Use case diagrams in Software Engineering - Time & Space Complexity
When working with use case diagrams, it's helpful to understand how the effort to create or analyze them grows as the system gets bigger.
We want to know how the time needed changes when more actors or use cases are added.
Analyze the time complexity of the following process for creating a use case diagram.
// Pseudocode for creating a use case diagram
for each actor in systemActors:
identify use cases for actor
for each use case:
draw use case
connect actor to use case
end for
end for
This code shows how we add actors and their related use cases to the diagram step by step.
Look at the loops that repeat actions:
- Primary operation: Drawing and connecting each use case for every actor.

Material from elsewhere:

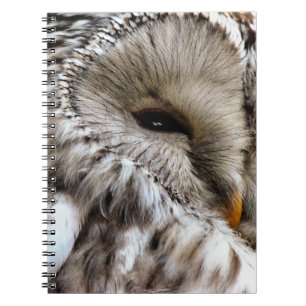 OWLS SPIRAL NOTEBOOK
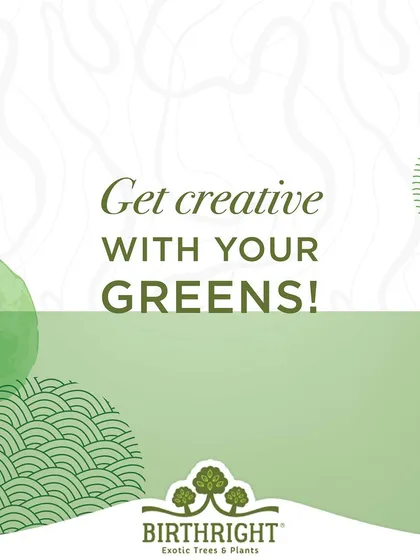 Get creative with your greens. I encourage upcycling and DIY projects to give your plants a home with personality.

- How many times: For each actor, we repeat for all their use cases.
As the number of actors and use cases grows, the work grows too.
| Input Size (actors x use cases) | Approx. Operations |
|---|---|
| 10 actors x 5 use cases | 50 |
| 100 actors x 5 use cases | 500 |
| 100 actors x 50 use cases | 5,000 |
Pattern observation: The total steps increase roughly by multiplying the number of actors by the number of use cases.
Time Complexity: O(a * u)
This means the time needed grows in proportion to the number of actors times the number of use cases.
[X] Wrong: "Adding more actors doesn't affect the time much because use cases stay the same."
[OK] Correct: Each new actor usually has its own use cases or connections, so more actors mean more work overall.
Understanding how the size of a system affects the effort to model it helps you plan and communicate clearly in real projects.
"What if each actor shared the same set of use cases instead of having unique ones? How would the time complexity change?"